--- Data for processing Enclosed Below ---

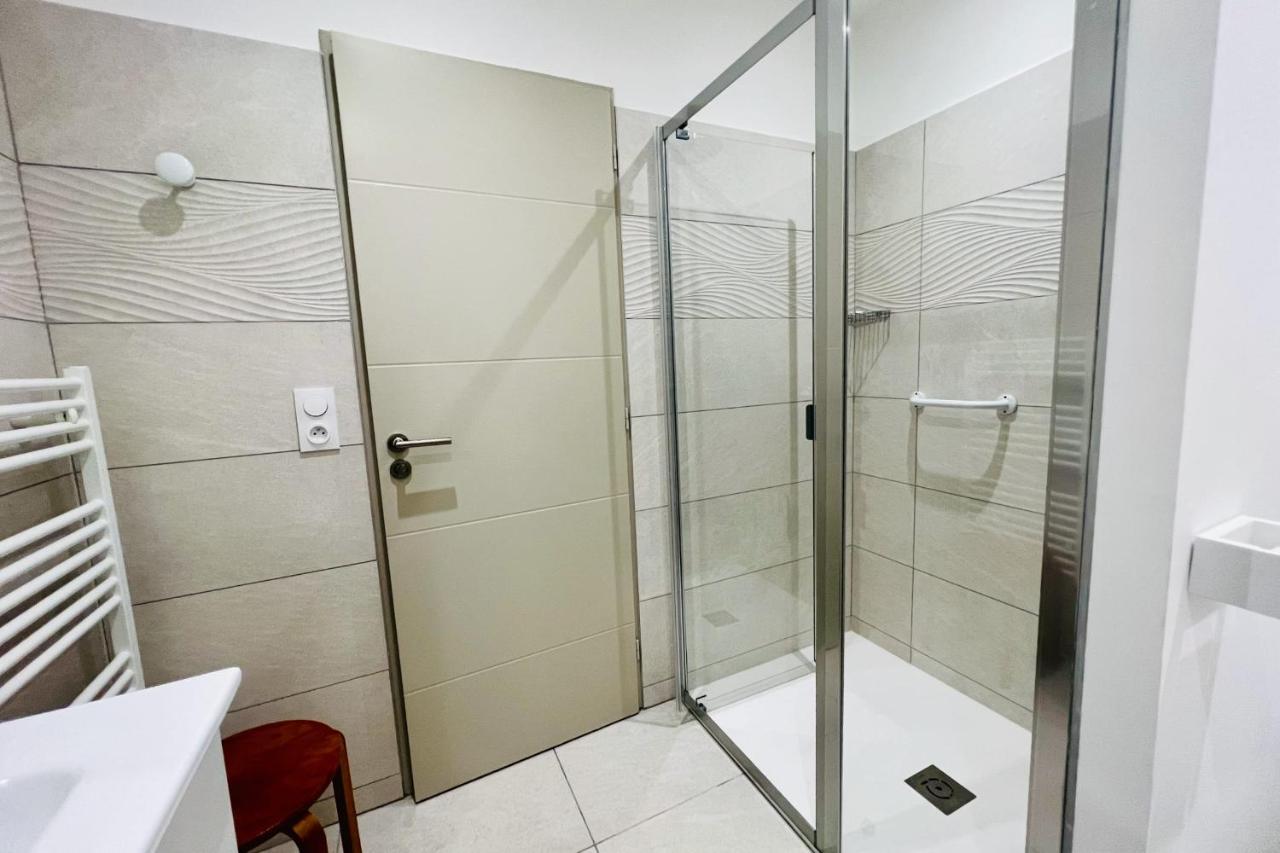 Villa Marie 1 - Superbe Appartement Climatise 2 Chambres Vue Mer 勒格罗-迪鲁瓦 外观 照片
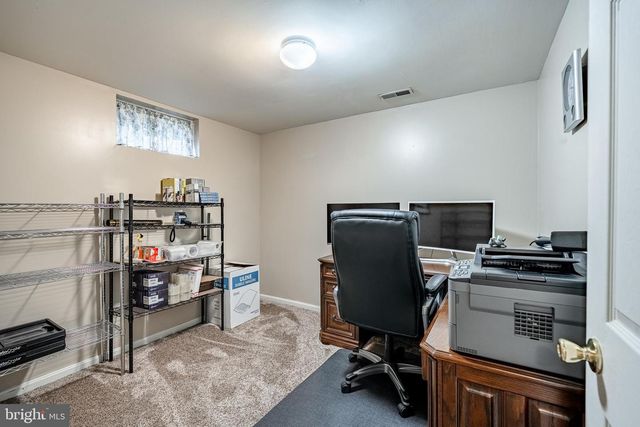 9 E HAWTHORNE DR, Newark, DE 19702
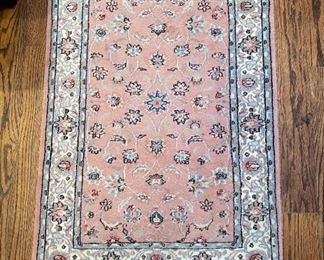 Hand Knotted Wool Pink Asian Runner Rug	125x32in	
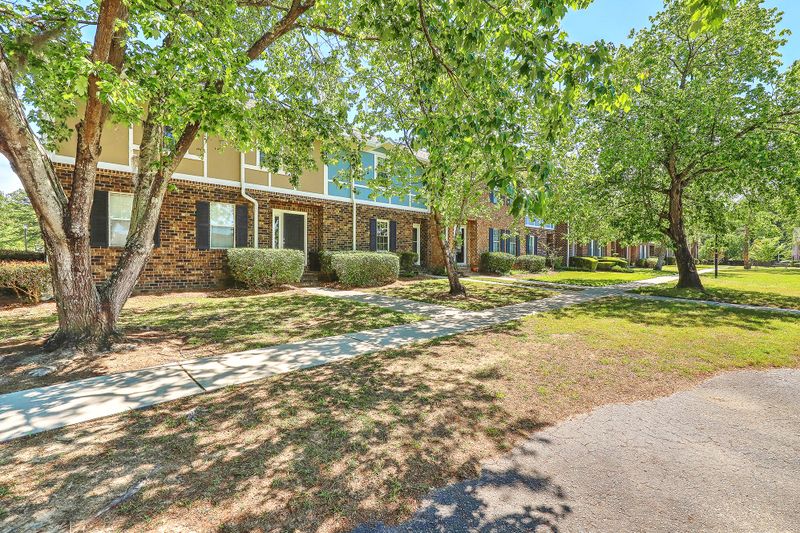 2921 Cathedral Ln, Charleston, SC 29414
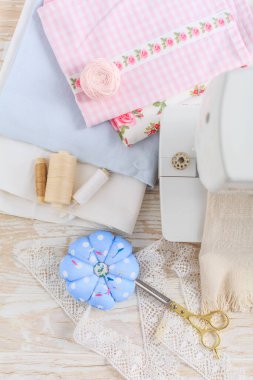 Dikiş makinesi, aletler ve malzemeler. Hobi, el işi, yaratıcılık, ev kavramında boş zaman..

--- End of Enclosed Data for processing ---

■ To do: Your copy should match the material above exactly, minus its pictures.

■ Answer section:
 Villa Marie 1 - Superbe Appartement Climatise 2 Chambres Vue Mer 勒格罗-迪鲁瓦 外观 照片
 9 E HAWTHORNE DR, Newark, DE 19702
 Hand Knotted Wool Pink Asian Runner Rug	125x32in	
 2921 Cathedral Ln, Charleston, SC 29414
 Dikiş makinesi, aletler ve malzemeler. Hobi, el işi, yaratıcılık, ev kavramında boş zaman..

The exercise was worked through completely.